- Zaghdraiya Location in Lebanon
- Coordinates: 33°31′32″N 35°24′8″E﻿ / ﻿33.52556°N 35.40222°E
- Country: Lebanon
- Governorate: South Governorate
- District: Sidon District
- Time zone: UTC+2 (EET)
- • Summer (DST): UTC+3 (EEST)
- Postal code: 2018
- Area code: 07

= Zaghdraiya =

Zaghdraiya (زغدرايا) is a municipality in the South Governorate in Lebanon. It is located southeast of Sidon. The village is bordered with a number of villages/towns like Darb es Sim, Maghdouche, Miye ou Miye. It has a small population and is mainly formed by a few houses and little agricultural space.

The word Zaghdraiya means "castle" or "fortress" possibly because the village is surrounded by hill tops in almost every direction.

== History ==
In 1875, Victor Guérin found it to be a village of 150 Metualis, who planted figs and olives in the environment.

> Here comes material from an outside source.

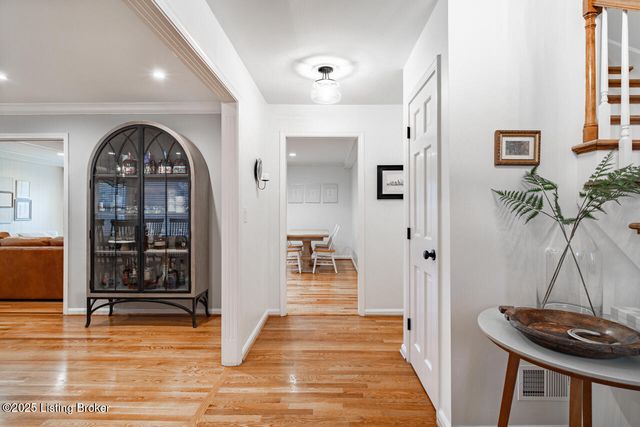 8810 Nottingham Pkwy, Louisville, KY 40222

The town saw many struggles between its political party branches of various militias during the Lebanese Civil War

==Demographics==
In 2014, Muslims made up 99.24% of registered voters in Zaghdraiya. 94.66% of the voters were Shiite Muslims.

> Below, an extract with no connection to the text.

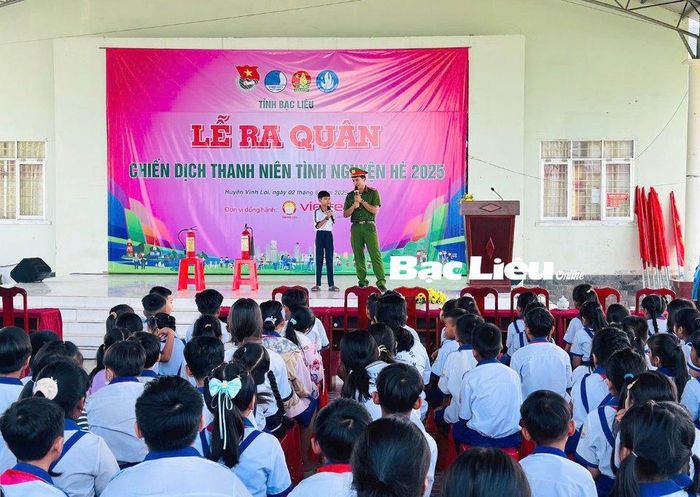 Công an tỉnh tuyên truyền về phòng cháy, chữa cháy cho trẻ em. Ảnh: H.L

A few Palestinian refugees inhabit the town as well.

== Sights ==

The town is mostly an agricultural landscape with many olive, lemon, fig, orange, loquat (Akkidenia), and green almond trees. the town produces grapes, green beans, and jujubes. The Siniq river passes through the village and is usually the source of irrigation of these crops. The town overlooks hills of southern Lebanon due to it being predominantly uninhabited landscapes and rarely any tall buildings.